Future Minds
- Founded: 2006
- Type: Social Responsibility Project
- Location: Future Minds Secretariat, Colombo, Sri Lanka;
- Origins: Nalanda College Colombo career guidance programmes
- Region served: Sri Lanka
- Method: Exhibitions, publication, web portal
- Owner: Nalanda College Junior Old Boys Association
- Website: futureminds.lk

= Future Minds =

Career guidance event in Sri Lanka

Future Minds, organised by the Junior Old Boys association of Nalanda College Colombo in collaboration with Government of Sri Lanka, is an annual three-day Educational and Career Guidance Exhibition in Sri Lanka held at Bandaranaike Memorial International Conference Hall, Colombo.
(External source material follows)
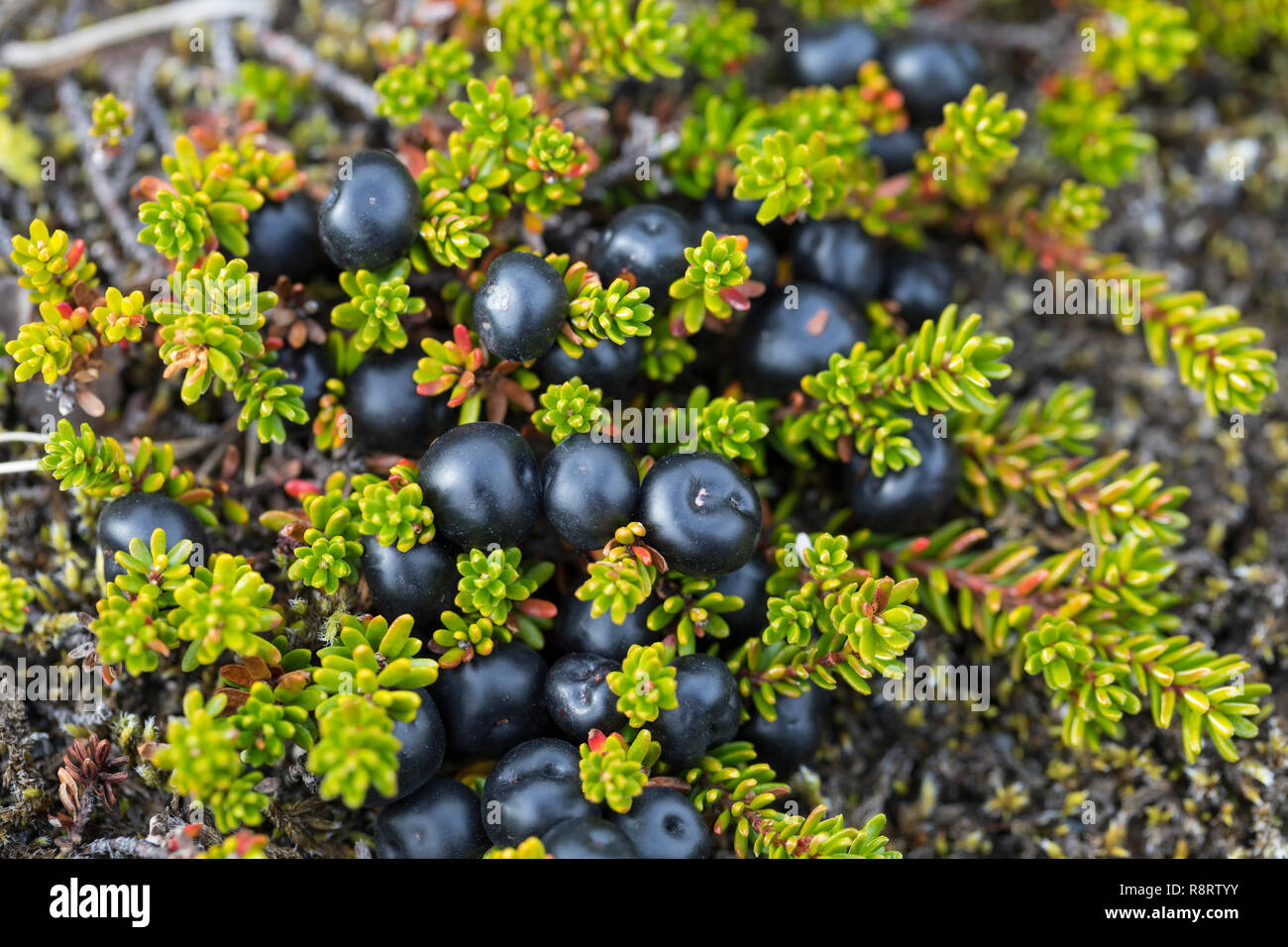 Schwarze Krähenbeere, Schwarze Krähen-Beere, Früchte, Beeren, Empetrum nigrum, Black Crowberry, blooming, Camarine noire Stock Photo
Kandy City Centre and Galle Municipal Council host secondary exhibitions for the same following the primary one in Colombo.

==Recognition and patronage==

This exhibition is patronaged by the Office of the President of Sri Lanka and is endorsed by the Ministries of Education,
Vocational & Technical Training, Mass Media & Information and Posts and Telecommunication.

==History and objectives==

The exhibition started as a job bank and career guidance programme for senior students of Nalanda College Colombo in 2000. It expanded in 2006 and was named Future Minds, with the motto "No one is left behind".

Its aim was to provide a one-stop stage for students in Sri Lanka to meet with Higher Educational and Tertiary Educational Institutes (Government and Private) and make educated choices about their Career Development, helping them to become part of a highly skilled national workforce for Sri Lanka.

Students from universities in Australia, the United Kingdom, the United States, Japan, Malaysia, New Zealand, Russia, China and India also attend the exhibition.